Try it. Report, in full, each line of the material below in which the string "Blue" occurs.

Top of Available records

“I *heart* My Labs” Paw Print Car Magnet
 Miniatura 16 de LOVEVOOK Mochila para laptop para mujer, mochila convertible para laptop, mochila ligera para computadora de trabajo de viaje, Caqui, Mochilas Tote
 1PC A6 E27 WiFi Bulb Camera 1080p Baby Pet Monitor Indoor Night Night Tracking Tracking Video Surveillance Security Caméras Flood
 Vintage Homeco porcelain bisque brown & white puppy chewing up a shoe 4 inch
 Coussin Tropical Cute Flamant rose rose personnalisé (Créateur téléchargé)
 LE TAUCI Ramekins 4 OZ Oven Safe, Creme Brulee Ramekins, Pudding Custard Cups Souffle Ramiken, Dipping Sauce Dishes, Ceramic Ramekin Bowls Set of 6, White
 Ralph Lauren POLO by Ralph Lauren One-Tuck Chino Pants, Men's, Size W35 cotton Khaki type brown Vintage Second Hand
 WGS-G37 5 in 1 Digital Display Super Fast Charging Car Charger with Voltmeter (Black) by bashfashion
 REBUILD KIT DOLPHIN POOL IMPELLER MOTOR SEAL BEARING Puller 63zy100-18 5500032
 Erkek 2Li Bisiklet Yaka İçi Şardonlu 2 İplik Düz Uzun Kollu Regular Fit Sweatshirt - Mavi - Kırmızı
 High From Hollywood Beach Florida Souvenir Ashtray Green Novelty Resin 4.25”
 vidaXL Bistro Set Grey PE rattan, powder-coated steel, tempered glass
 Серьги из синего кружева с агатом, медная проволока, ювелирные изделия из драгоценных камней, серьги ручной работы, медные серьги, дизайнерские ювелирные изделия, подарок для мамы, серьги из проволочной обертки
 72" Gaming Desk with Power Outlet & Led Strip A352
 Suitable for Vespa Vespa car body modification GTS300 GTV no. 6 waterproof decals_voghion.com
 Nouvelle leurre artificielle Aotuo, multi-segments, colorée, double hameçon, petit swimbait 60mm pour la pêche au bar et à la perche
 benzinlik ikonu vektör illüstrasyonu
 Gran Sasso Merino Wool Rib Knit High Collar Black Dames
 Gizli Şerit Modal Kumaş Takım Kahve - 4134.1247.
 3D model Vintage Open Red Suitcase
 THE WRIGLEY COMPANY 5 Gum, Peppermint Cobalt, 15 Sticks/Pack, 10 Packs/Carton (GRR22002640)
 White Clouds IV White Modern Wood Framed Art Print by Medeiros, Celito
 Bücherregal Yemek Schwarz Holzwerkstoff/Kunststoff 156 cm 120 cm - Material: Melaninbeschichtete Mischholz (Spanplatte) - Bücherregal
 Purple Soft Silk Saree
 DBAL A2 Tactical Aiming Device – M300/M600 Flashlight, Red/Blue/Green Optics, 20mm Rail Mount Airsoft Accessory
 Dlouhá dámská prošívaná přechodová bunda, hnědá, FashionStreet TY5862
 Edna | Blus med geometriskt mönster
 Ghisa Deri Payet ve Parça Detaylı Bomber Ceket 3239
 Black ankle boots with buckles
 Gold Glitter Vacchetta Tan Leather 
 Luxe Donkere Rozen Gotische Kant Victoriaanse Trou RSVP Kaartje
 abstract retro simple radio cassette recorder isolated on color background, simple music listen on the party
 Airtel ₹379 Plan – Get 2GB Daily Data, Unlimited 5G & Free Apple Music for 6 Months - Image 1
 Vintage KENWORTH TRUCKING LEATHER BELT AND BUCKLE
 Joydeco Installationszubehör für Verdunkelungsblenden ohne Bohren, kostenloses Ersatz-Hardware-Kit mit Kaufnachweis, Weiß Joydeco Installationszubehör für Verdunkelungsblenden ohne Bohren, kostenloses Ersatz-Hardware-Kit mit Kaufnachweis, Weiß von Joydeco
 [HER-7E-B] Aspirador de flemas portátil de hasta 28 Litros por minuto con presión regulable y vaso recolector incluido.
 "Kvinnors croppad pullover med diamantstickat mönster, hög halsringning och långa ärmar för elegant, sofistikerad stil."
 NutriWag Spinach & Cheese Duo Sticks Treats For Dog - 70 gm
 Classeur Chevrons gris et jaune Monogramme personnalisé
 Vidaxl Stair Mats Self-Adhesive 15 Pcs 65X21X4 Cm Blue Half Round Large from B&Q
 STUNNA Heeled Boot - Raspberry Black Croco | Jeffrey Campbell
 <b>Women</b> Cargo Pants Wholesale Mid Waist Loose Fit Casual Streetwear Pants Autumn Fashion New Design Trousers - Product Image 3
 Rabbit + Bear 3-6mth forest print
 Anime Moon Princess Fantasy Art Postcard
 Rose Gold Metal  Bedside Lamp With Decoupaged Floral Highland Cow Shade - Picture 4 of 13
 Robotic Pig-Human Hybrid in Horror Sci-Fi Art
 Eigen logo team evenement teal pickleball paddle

Bottom of Available records

Response to the exercise.
 DBAL A2 Tactical Aiming Device – M300/M600 Flashlight, Red/Blue/Green Optics, 20mm Rail Mount Airsoft Accessory
 Vidaxl Stair Mats Self-Adhesive 15 Pcs 65X21X4 Cm Blue Half Round Large from B&Q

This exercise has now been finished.